Nisi E Valley: spero che il finale soddisfi la vostra curiosità... ho deciso di non essere troppo esplicita, perchè volevo che chiunque potesse interpretarlo a modo suo... fatemi sapere!

Nessuno era d’accordo, ma siccome lei non li ascoltava non poterono far altro che brontolare.

E quando si furono dimenticati di quell’avventura convennero che il pergolato era davvero splendido con i delicati fiori bianchi del gelsomino e le rose rosse eleganti e vellutate. E che bella ombra che faceva!

E la casa della signora Wintrop con tutti quei fiori sul davanzale e deliziose piante grasse in ogni angolo e su ogni mobile era davvero carina.

Quanto alla signora Wintrop non le importava poi tanto cosa pensavano i suoi vicini. Da quando aveva adottato le piante della signorina Willow sai sentiva molto più allegra.

Sorrideva spesso, ogni tanto canticchiava vecchie melodie sottovoce e, quando era sicura che proprio nessuno potesse vederla, azzardava un passo di danza.
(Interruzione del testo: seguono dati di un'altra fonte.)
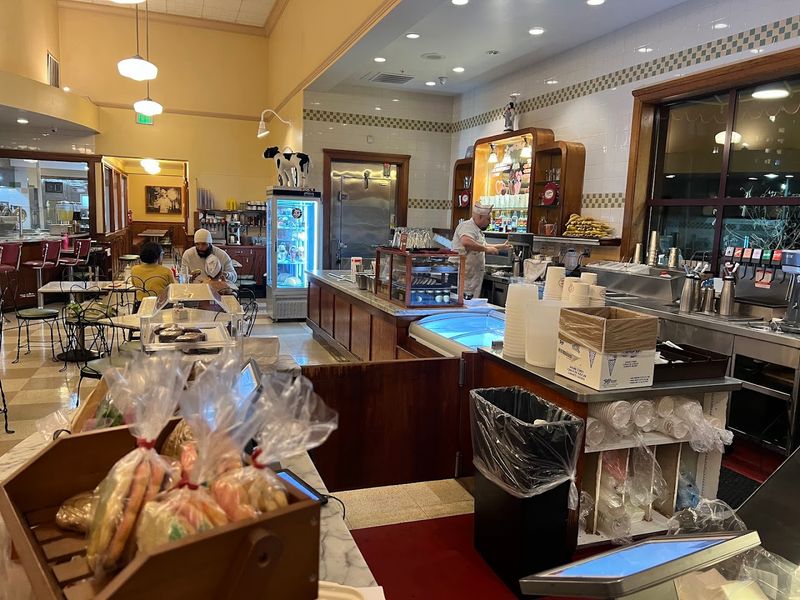 Fentons Creamery, Oakland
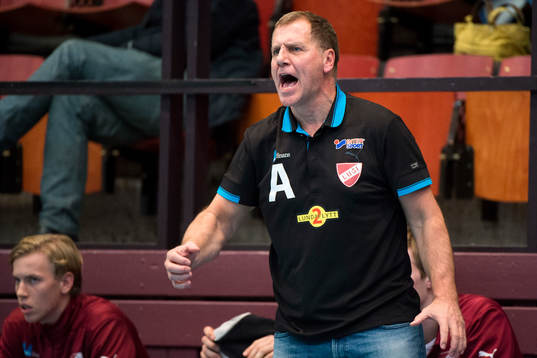 Lugis tränare Basti Rasmussen ropar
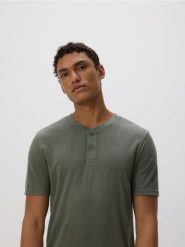 T-shirt henley regular fit - ciemnozielony. Zielone t-shirty męskie Reserved, l, bez wzorów, z dzianiny, bez kołnierzyka. W wyprzedaży za 35.99 zł.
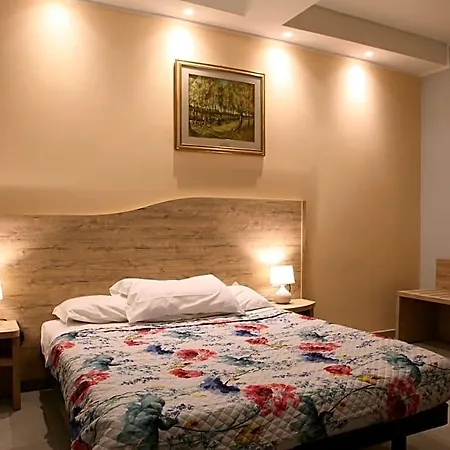 فندق مبيت وإفطار La Casa Di Nonno Giulio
I suoi capelli erano castano scuro, avevano scoperto i suoi compaesani, poiché aveva rinunciato al cuffietta, fuorché la domenica, e si era comprata un vestito azzurro, una gonna rossa e un maglioncino verde chiaro.

Aveva anche preso l’abitudine di guardare le cartoline di paesi lontani che aveva trovato in casa della signorina Willow e ogni tanto camminava fino in fondo alla strada che attraversava il villaggio e scrutava l’orizzonte. A volte faceva anche qualche passo oltre le mura della fattoria e si sentiva soddisfatta.
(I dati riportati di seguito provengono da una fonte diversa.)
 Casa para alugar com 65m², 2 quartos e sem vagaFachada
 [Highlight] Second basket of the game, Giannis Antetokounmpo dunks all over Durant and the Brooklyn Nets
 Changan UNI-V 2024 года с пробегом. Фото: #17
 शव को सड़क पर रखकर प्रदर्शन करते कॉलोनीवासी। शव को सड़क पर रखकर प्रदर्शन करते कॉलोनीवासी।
E lei non si era dimenticata di quella avventura.

Perché il postino le portava sempre lettere con timbri di luoghi curiosi ed esotici e dentro ogni busta lei trovava una cartolina con scritto “Grazie!” e la foto di piante misteriose e coloratissime. E semi splendenti e luccicanti come pietre preziose.
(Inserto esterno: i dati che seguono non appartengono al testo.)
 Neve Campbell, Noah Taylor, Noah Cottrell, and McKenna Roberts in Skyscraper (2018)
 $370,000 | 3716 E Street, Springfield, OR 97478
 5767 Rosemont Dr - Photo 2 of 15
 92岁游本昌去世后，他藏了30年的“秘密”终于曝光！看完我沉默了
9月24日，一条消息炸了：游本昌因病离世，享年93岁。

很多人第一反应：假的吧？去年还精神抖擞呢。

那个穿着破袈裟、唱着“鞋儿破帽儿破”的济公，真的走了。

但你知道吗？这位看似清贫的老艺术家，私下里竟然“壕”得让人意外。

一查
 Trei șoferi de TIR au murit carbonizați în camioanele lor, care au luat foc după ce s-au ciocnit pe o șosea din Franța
La signora Wintrop piantava quei semi e li accudiva e da quei semi nascevano fiori dalle foglie verdi come smeraldi e petali bianchi come perle, azzurri come zaffiri e rossi come rubini. Ogni tanto nascevano anche piante grasse, di specie che la signora Wintrop non aveva mai visto, dalle delicate spine argentee e dai giganteschi fiori multicolori.

Quando le piante diventavano troppe la signora Wintrop le rinvasava e ne regalava qualcuna ai suoi compaesani. Qualcuno brontolava che non aveva il tempo di accudire una pianta che non producesse niente di buono da mangiare e anche con le spine magari, ma poi alla fine tutti ringraziavano e accettavano i doni della signora Wintrop.

Portavano a casa i vasi e li mettevano sul davanzale. E le piante donate dalla signora Wintrop crescevano sempre rigogliose, senza bisogno di grandi cure, se non magari, le note di una canzone canticchiata timidamente a mezza voce e il suono di una risata improvvisa.

Allora chi arrivava seguendo la strada tortuosa, scorgeva, in mezzo alla campagna verde, un paese che sfavillava come una pietra preziosa e udiva risuonare, tra lo scrosciare della pioggia, le note gaie di una vecchia canzone.